I need to emphasize here that the guilt that makes us feel we are prostituting ourselves is complex. Its interpretation requires great care. It’s a guilt that can cut two ways. It can protect our soul if we are, in fact, “selling out.” It can tell us we are trying to do something that is not right for us. We need to listen carefully to this feeling and take it seriously. On the other hand, the guilt we are feeling may be based upon parental needs that have little to do with us, and much to do with them. These assault the core of our being. If the feeling of guilt is serving our parents’ ambitions, and we misinterpret it, we may ruin the world of work for ourselves. We may feel constantly dissatisfied with our jobs.

People who need to achieve great things, even save the world, hate to hear suggestions that there may not be the one unique job they were destined to have. Such a thought makes them feel they may be consigned to the hell of a meaningless job. This whole business is made all the more tricky by the evidence that some do feel called to a task. The call may begin as a faint and distant voice that grows increasingly clear. In my experience, the call usually becomes sufficiently insistent to be heard and acknowledged. Asked for or not, such calls need to be taken very seriously.

To discover the truth about ourselves, we have to pay careful attention to our feelings and do the analytical work necessary to differentiate them. We have to find out what belongs to us and what belongs to our parents and other authority figures. Sometimes a dream will help, like the one cited earlier where the King/Son was repeating words said by the Queen/Mother. Finding what is really right for us can be long and exhausting work.

Jesus, in fact, is a source of guilt for many people. One of the great, subtle causes of guilt is Christ’s admonition to love. The admonition itself can cause guilt, when people have negative or unloving thoughts about friends, family, colleagues, even strangers. To avoid guilt we must pretend to love one another and to appear to be happy with each other, even when we actually are not. Who can possibly live a life without negative or unloving thoughts? A similar admonition is seen in the fairy tale, Cinderella. Cinderella’s dying mother tells Cinderella to be good and pious. Kathrin Asper, a Jungian Analyst in Zurich, has suggested that this admonition is the source of Cinderella’s depression and would be a source of depression for any child.(2) Such an admonition, whether uttered by God or by a parent, loads a child with an unbearable burden. It sets an impossible standard that ensures failure, and failure spawns guilt.

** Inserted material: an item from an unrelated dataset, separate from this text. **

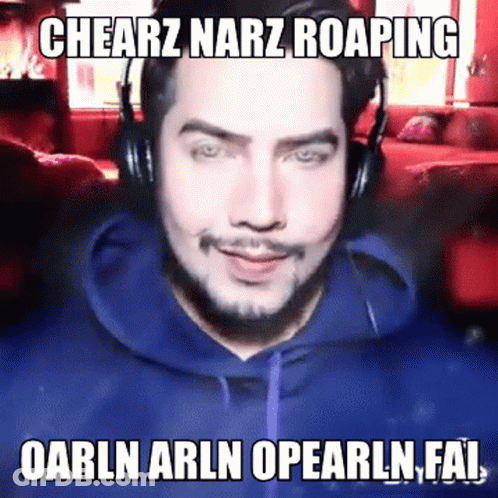 A Man Wearing Headphones With A Caption That Says Chearz Narz Roapping GIF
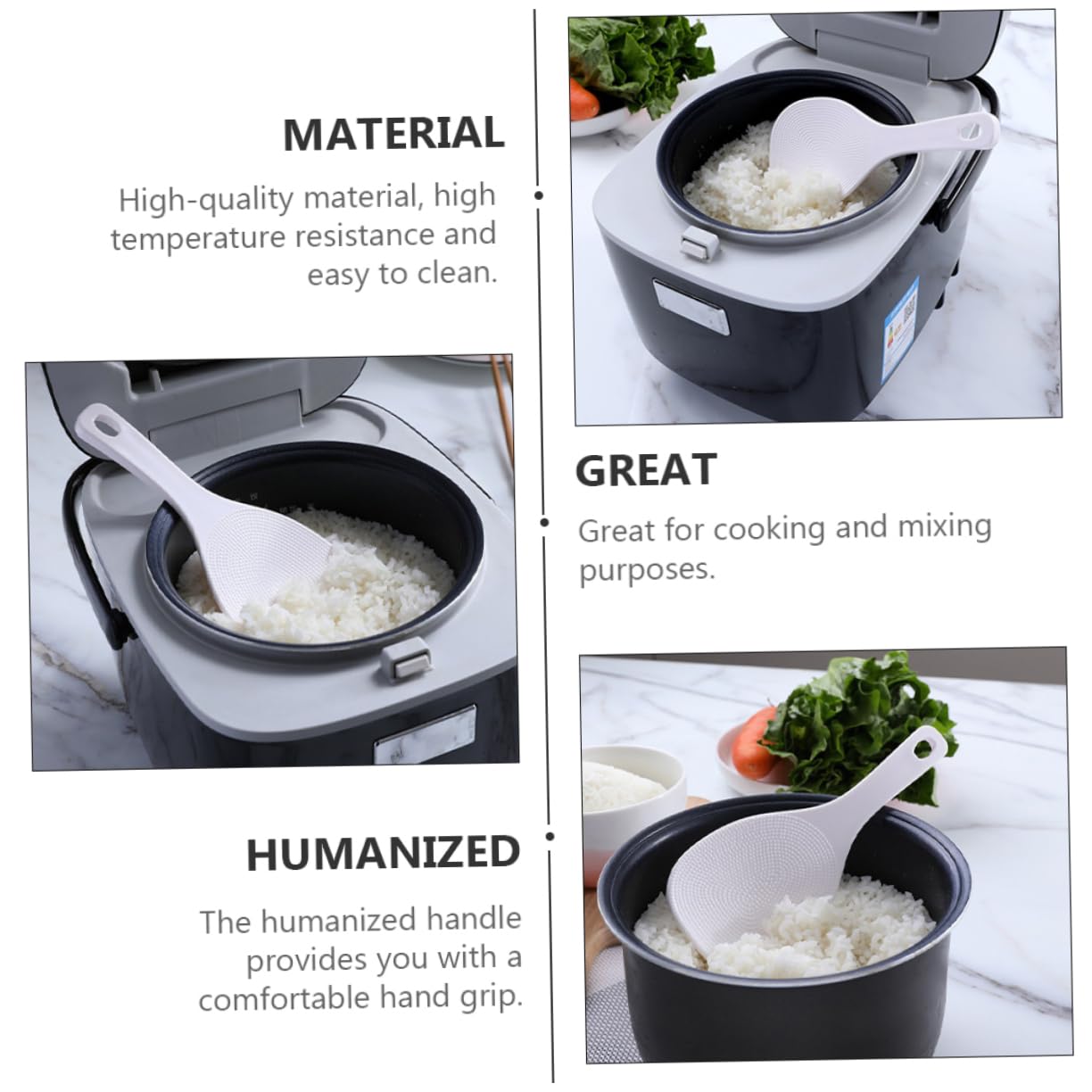 Cabilock 4pcs Plastic Rice Spoons Non Stick Kitchenware Lightweight Rice Paddles for Easy Serving for Cooking Outdoor Use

Many of my patients give voice to an insidious, guilt-inducing ideal. Even while voicing it they are unaware of the impact such an ideal has on their happiness. This is the American Dream, the ideal that if I am honest, competent, and work hard I will get what I want and need. Much anger and depression results from the failure of this ideal to materialize. They are so convinced of this moralistic formula that they do not seriously consider the numerous other variables including pure luck. A more devastating side of the belief that I will get what I need if I am honest, competent, and work hard is coming to believe that not getting what I need and want in life is evidence itself that something is wrong with me, that I am damaged goods.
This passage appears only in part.